The successful engineering of EUGO into PROGO demonstrates the potential of a combined computational and experimental strategy for designing efficient biocatalysts for lignin valorization. The stepwise approach, guided by structural and mechanistic insights, allowed for the precise modification of enzyme properties, addressing challenges in activity, selectivity, and stability. The significant increase in kcat for 4-n-propylguaiacol conversion by PROGO showcases the effectiveness of targeting the rate-limiting covalent adduct formation. The use of both purified enzyme and whole cells expressing PROGO in gram-scale reactions validates the practical applicability of this engineered biocatalyst for industrial settings. The study highlights the power of combining computational tools with experimental validation and structural analysis to achieve targeted enzyme modifications. The methodology presented here could be applied to engineer other enzymes for the valorization of other lignin-derived compounds.
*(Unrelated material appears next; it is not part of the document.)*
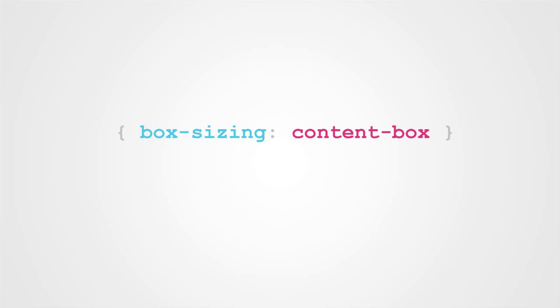To get started, let's take a look at the default value for box sizing, ContentBox. The box sizing property defines how the height, width, padding, and border of HTML elements are rendered.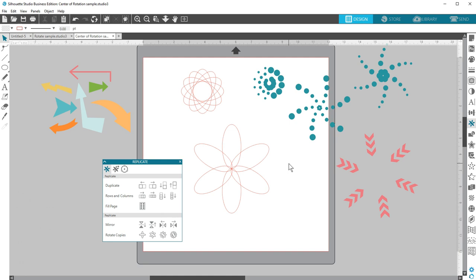I hope you've enjoyed learning about the center of rotation feature available in Designer Edition and higher. Thanks for watching!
This study successfully engineered a bacterial eugenol oxidase (EUGO) into a highly efficient and selective 4-n-propylguaiacol oxidase (PROGO) for the production of isoeugenol from a lignin-derived compound. PROGO combines high thermostability, chemoselectivity, and catalytic activity, demonstrated through gram-scale bioconversions. This work showcases the potential of structure-guided enzyme engineering for converting renewable lignin feedstocks into valuable products. Future research could focus on further optimizing PROGO for industrial applications and exploring its applicability to other lignin-derived compounds.

While PROGO demonstrates significant improvement in activity and selectivity, further optimization might be possible. The lower isolated yield in whole-cell conversions compared to purified enzyme conversions highlights the need for optimizing the product isolation procedure to improve recovery. The study focused on a specific lignin-derived compound; the applicability of the engineering strategy to other substrates needs further investigation. The computational predictions, although successful in this case, are not always perfectly predictive, and experimental validation remains crucial.